### TASK INSTRUCTIONS
An exact transcription of the lines below, from the first through the one containing "Before going to", is the only output wanted.

-- RECORDS FOR THIS TASK follows --

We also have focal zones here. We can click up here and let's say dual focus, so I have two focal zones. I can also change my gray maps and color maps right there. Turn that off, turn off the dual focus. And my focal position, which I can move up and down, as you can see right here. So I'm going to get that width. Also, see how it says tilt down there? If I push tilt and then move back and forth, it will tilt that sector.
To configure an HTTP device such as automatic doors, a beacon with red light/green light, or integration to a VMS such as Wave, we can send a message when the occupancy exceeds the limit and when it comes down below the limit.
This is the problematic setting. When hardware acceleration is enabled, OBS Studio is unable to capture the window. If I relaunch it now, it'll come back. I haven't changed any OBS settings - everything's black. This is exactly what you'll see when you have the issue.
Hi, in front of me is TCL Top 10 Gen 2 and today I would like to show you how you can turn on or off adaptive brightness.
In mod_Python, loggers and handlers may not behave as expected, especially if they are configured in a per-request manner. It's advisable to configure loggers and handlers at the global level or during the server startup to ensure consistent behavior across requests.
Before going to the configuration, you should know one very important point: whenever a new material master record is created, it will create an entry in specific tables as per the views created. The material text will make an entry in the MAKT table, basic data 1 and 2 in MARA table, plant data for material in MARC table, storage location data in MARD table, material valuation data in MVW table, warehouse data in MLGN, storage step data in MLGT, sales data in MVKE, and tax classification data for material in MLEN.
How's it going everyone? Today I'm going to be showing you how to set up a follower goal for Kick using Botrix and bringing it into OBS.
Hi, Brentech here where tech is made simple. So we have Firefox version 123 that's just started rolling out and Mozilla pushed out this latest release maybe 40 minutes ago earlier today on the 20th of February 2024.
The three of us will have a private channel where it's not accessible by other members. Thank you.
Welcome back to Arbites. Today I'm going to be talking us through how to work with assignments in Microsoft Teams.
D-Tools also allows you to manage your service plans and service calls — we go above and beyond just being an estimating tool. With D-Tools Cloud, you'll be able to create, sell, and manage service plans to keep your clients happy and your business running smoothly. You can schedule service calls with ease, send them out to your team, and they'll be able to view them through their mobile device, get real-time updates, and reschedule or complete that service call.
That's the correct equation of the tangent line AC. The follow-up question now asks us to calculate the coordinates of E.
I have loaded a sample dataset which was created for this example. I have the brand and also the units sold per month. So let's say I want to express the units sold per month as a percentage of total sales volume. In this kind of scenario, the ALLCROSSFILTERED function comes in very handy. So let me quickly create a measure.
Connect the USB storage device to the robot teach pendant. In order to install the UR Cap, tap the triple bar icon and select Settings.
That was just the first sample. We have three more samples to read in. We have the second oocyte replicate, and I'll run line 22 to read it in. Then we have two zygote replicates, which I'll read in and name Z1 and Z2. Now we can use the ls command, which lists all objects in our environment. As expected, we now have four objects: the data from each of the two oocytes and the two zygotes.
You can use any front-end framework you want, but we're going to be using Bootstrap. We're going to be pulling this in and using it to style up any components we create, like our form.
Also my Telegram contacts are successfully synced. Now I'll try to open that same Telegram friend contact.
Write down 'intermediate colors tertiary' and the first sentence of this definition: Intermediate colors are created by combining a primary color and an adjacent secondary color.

-- RECORDS FOR THIS TASK concluded --

### RESPONSE FOR THIS EXERCISE
We also have focal zones here. We can click up here and let's say dual focus, so I have two focal zones. I can also change my gray maps and color maps right there. Turn that off, turn off the dual focus. And my focal position, which I can move up and down, as you can see right here. So I'm going to get that width. Also, see how it says tilt down there? If I push tilt and then move back and forth, it will tilt that sector.
To configure an HTTP device such as automatic doors, a beacon with red light/green light, or integration to a VMS such as Wave, we can send a message when the occupancy exceeds the limit and when it comes down below the limit.
This is the problematic setting. When hardware acceleration is enabled, OBS Studio is unable to capture the window. If I relaunch it now, it'll come back. I haven't changed any OBS settings - everything's black. This is exactly what you'll see when you have the issue.
Hi, in front of me is TCL Top 10 Gen 2 and today I would like to show you how you can turn on or off adaptive brightness.
In mod_Python, loggers and handlers may not behave as expected, especially if they are configured in a per-request manner. It's advisable to configure loggers and handlers at the global level or during the server startup to ensure consistent behavior across requests.
Before going to the configuration, you should know one very important point: whenever a new material master record is created, it will create an entry in specific tables as per the views created. The material text will make an entry in the MAKT table, basic data 1 and 2 in MARA table, plant data for material in MARC table, storage location data in MARD table, material valuation data in MVW table, warehouse data in MLGN, storage step data in MLGT, sales data in MVKE, and tax classification data for material in MLEN.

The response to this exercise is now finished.